La experiencia de pintar al aire libre había tomado vuelo antes entre los pintores franceses y alemanes en los sucesivos viajes a Italia, con parada principal en Roma, pero solo se instaló como norma a partir de los impresionistas, quienes se caracterizaron por colocar el caballete en el campo, en mitad de la calle. Con ellos empezó, pues, un tiempo nuevo para el arte, no por lo que suponía la experiencia de trabajar extramuros, sino por las calidades inéditas que era posible explorar con la luz inflamada del natural.
A resultas de esta posibilidad, todo les fue útil a estos artistas para arrancarle colores a la paleta: el sol, los días nublados, los vendavales, los aguaceros, la luz eléctrica, la luz de gas, el humo de los barcos, los trenes en movimiento, las escenas callejeras, las actividades de ocio urbano... Casi siempre sin presencia humana. Se trataba de dotar de vida lo aparentemente quieto, despojando a las cosas de su forma para expresarlas en color, en mancha, en sensación última.
Por este mismo carril, el grupo no tardó en emparentar con la fotografía. Al igual que los primeros fotógrafos poseían, por lo general, formación artística, los jóvenes impresionistas se valieron del ojo mecánico para resolver los desafíos que les planteaba el nuevo arte, como la instantaneidad. Esa victoria simbólica de los hombres sobre la temporalidad –la reducción de las escenas a un intervalo muy breve de tiempo– les obligó a mirar más rápido y a pintar aún más rápido, dando menos importancia a la reflexión que al resultado.
Como consecuencia, hallaron en la fotografía un aliado para fijar su obsesión por el espíritu variable de la realidad, que a cada momento se modifica y se desvanece. Fue la capacidad única del nuevo invento de suspender el tiempo y mantenerlo vigente de manera indefinida lo que animó la transformación de la representación pictórica. “El artista hoy no dice: ‘Vengan a ver estas obras tan perfectas’; sino: ‘Vengan a ver estas obras tan sinceras’. Es la sinceridad lo que hace que parezcan una protesta”, afirmó Manet casi a modo de manifiesto.
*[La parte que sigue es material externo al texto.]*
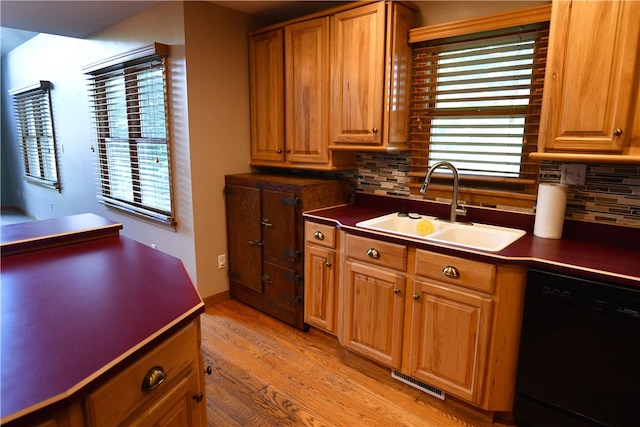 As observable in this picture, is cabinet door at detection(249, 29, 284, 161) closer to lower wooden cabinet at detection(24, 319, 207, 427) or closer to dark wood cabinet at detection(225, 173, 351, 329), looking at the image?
dark wood cabinet at detection(225, 173, 351, 329)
El alma del impresionismo no se quedó en el siglo XIX, donde nació, porque su sombra se extendió más allá en el tiempo, más allá en las reglas de un juego muy serio. Tampoco llegó solo en distintos frentes a toda Francia, ya que en media Europa se dejó sentir también el oleaje del movimiento, llegando a echar raíces en Toulouse-Lautrec, en Gaugin, en Seurat y en el delicadísimo Bonnard, pero también en Joaquín Sorolla, Darío de Regoyos y Hermenegildo Anglada Camarasa, por citar solo a los creadores de bandera española.
Hoy, el movimiento apenas sirve de alimento para unos pocos creadores, pero bajo su reclamo se sigue llenando las salas de los museos, pues el impresionismo contiene una súplica al orden y conserva la rara cualidad de la belleza tranquila. Después de estos pintores, se apresuró el tiempo carnívoro. Todo fue velocidad. De algún modo, aquel lance artístico ocurrido hace siglo y medio se convirtió en el acelerador de partículas de la modernidad.